Exercise objective: The required output is the stretch from the line containing "Bioladen der Gronenfelder Werkstätten" through the line containing "Etui Ringke Onyx" in the records below, unaltered and with no pictures.
===== Material for the task =====
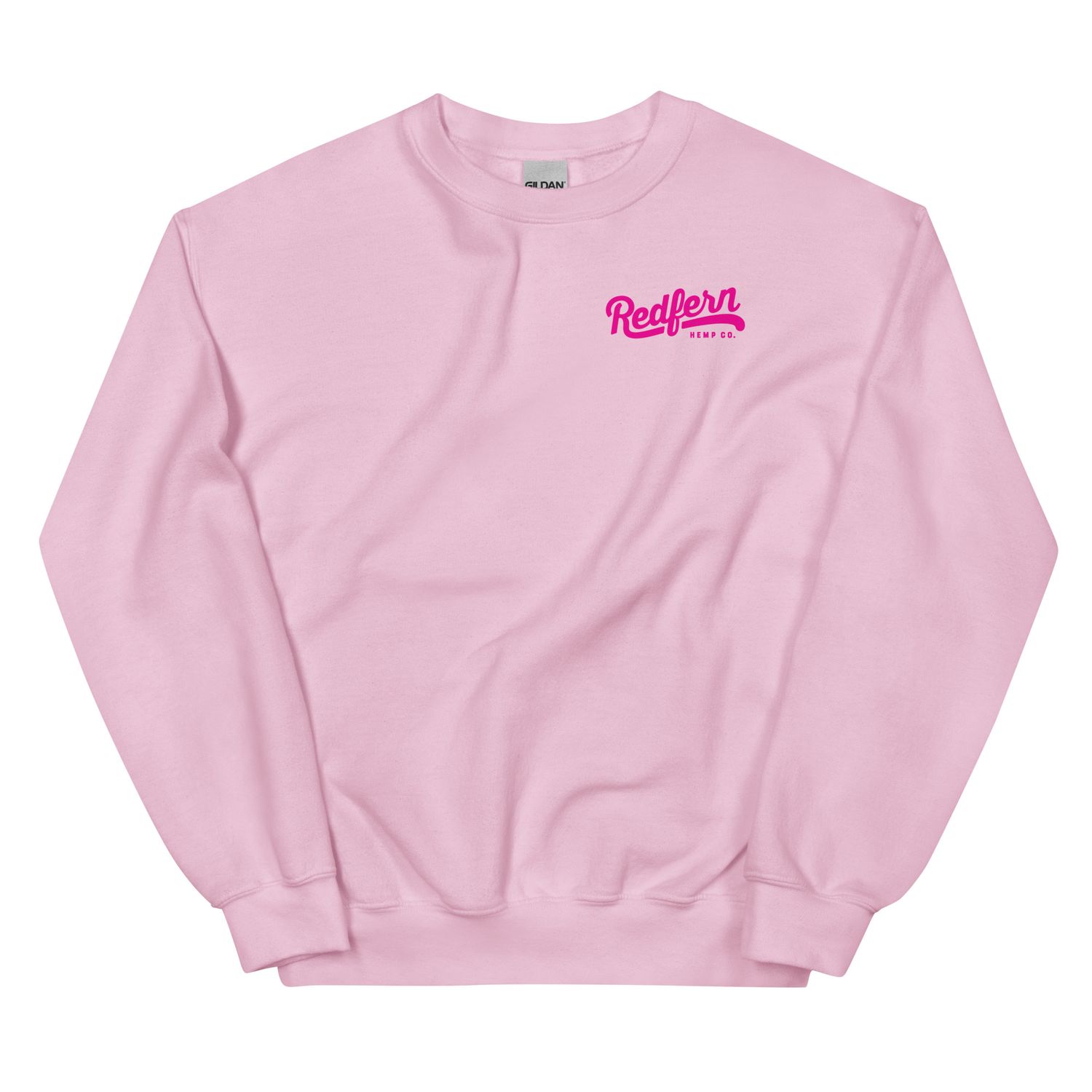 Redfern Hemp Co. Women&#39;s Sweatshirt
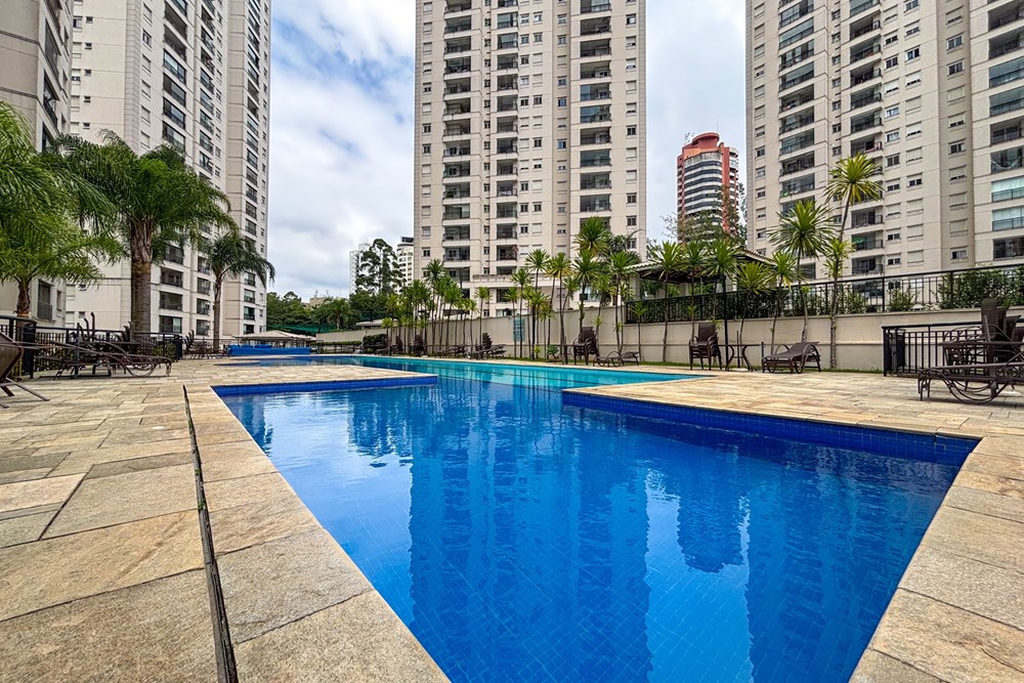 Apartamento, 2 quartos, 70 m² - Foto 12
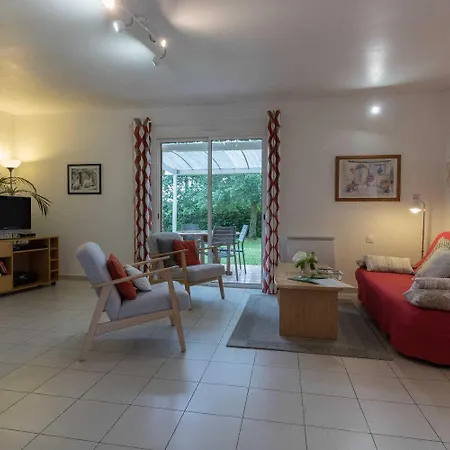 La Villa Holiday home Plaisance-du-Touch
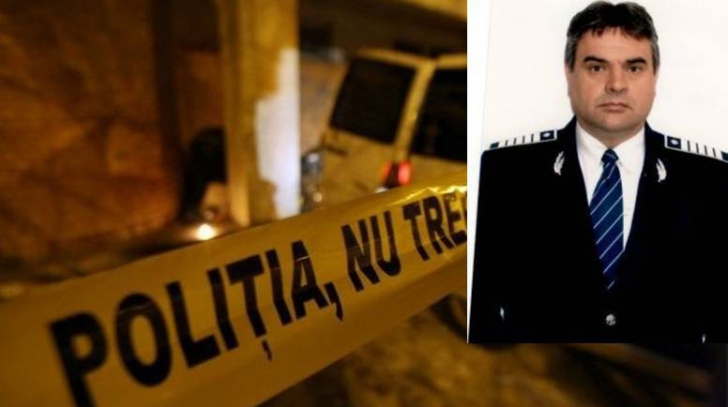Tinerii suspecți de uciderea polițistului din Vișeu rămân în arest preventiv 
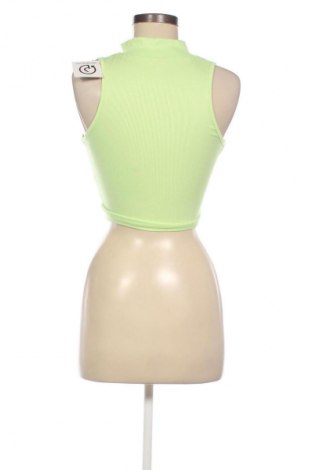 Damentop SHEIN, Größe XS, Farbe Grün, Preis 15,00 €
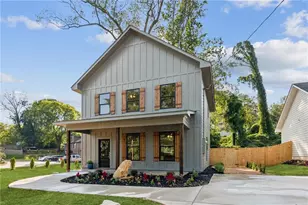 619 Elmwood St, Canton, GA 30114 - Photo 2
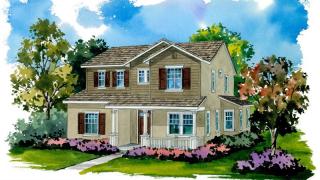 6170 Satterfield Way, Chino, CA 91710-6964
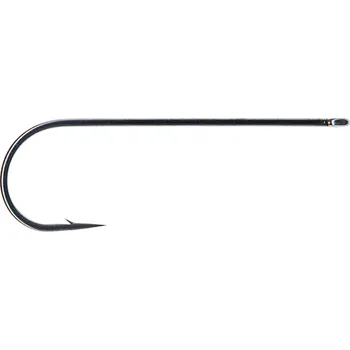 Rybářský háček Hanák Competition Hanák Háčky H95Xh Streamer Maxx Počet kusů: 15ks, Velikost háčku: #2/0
=====
===== Material for the task =====
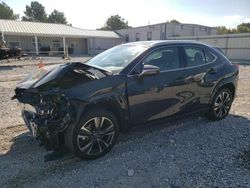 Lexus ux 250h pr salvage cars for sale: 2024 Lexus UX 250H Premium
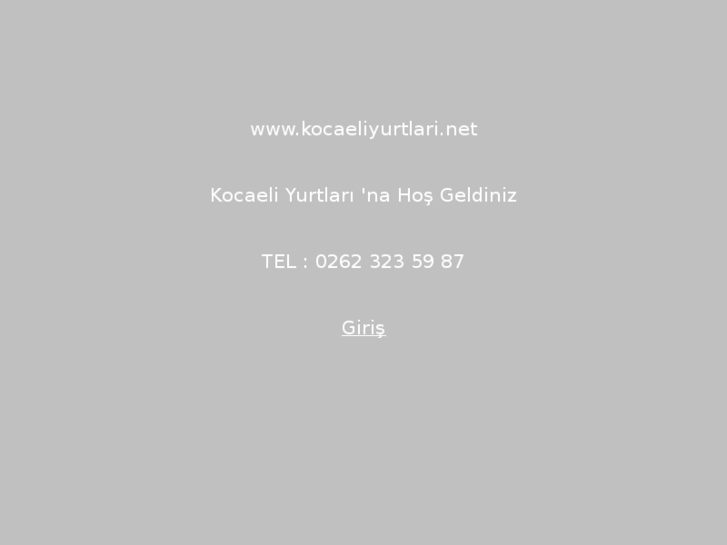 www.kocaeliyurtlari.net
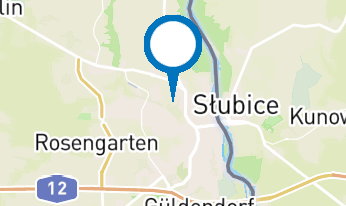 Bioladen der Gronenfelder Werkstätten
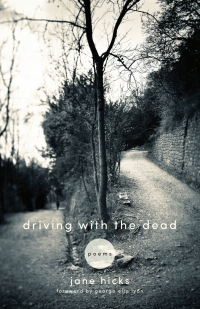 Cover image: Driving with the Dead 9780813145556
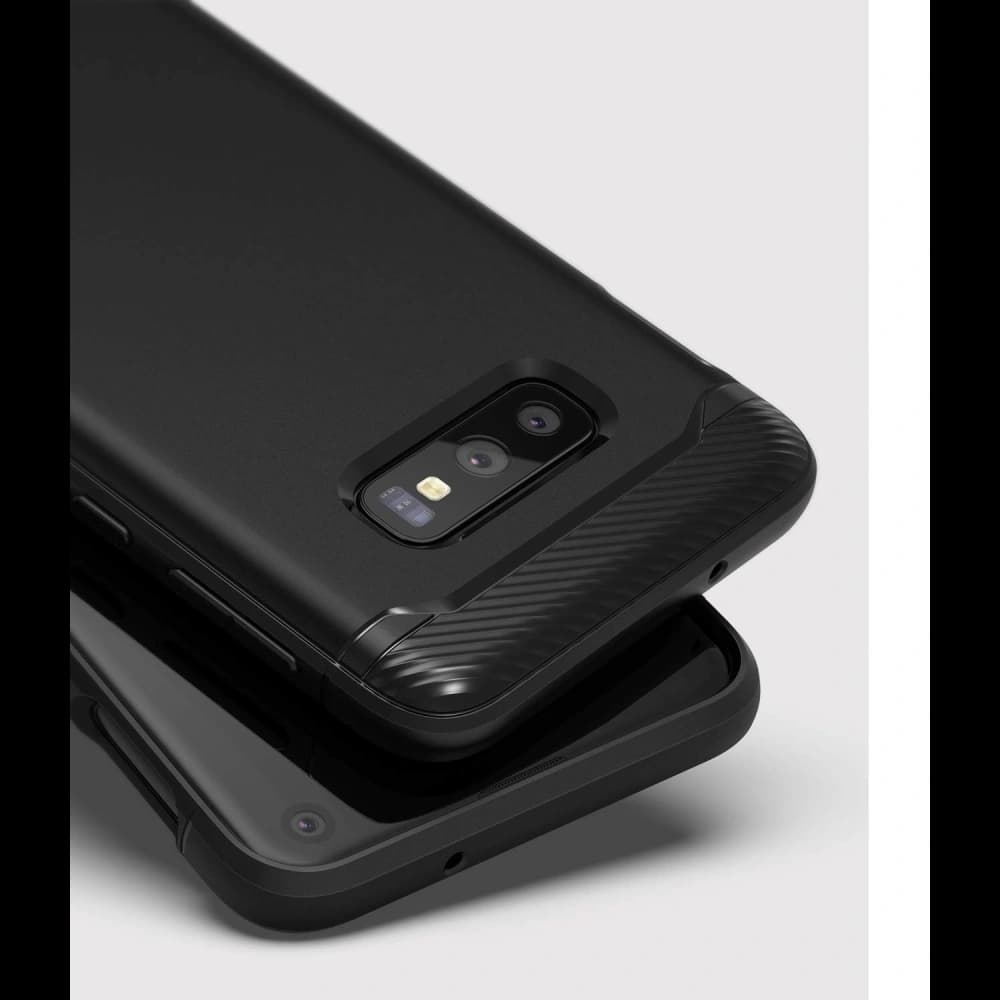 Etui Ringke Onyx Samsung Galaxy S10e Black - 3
=====
Written response:
 Bioladen der Gronenfelder Werkstätten
 Cover image: Driving with the Dead 9780813145556
 Etui Ringke Onyx Samsung Galaxy S10e Black - 3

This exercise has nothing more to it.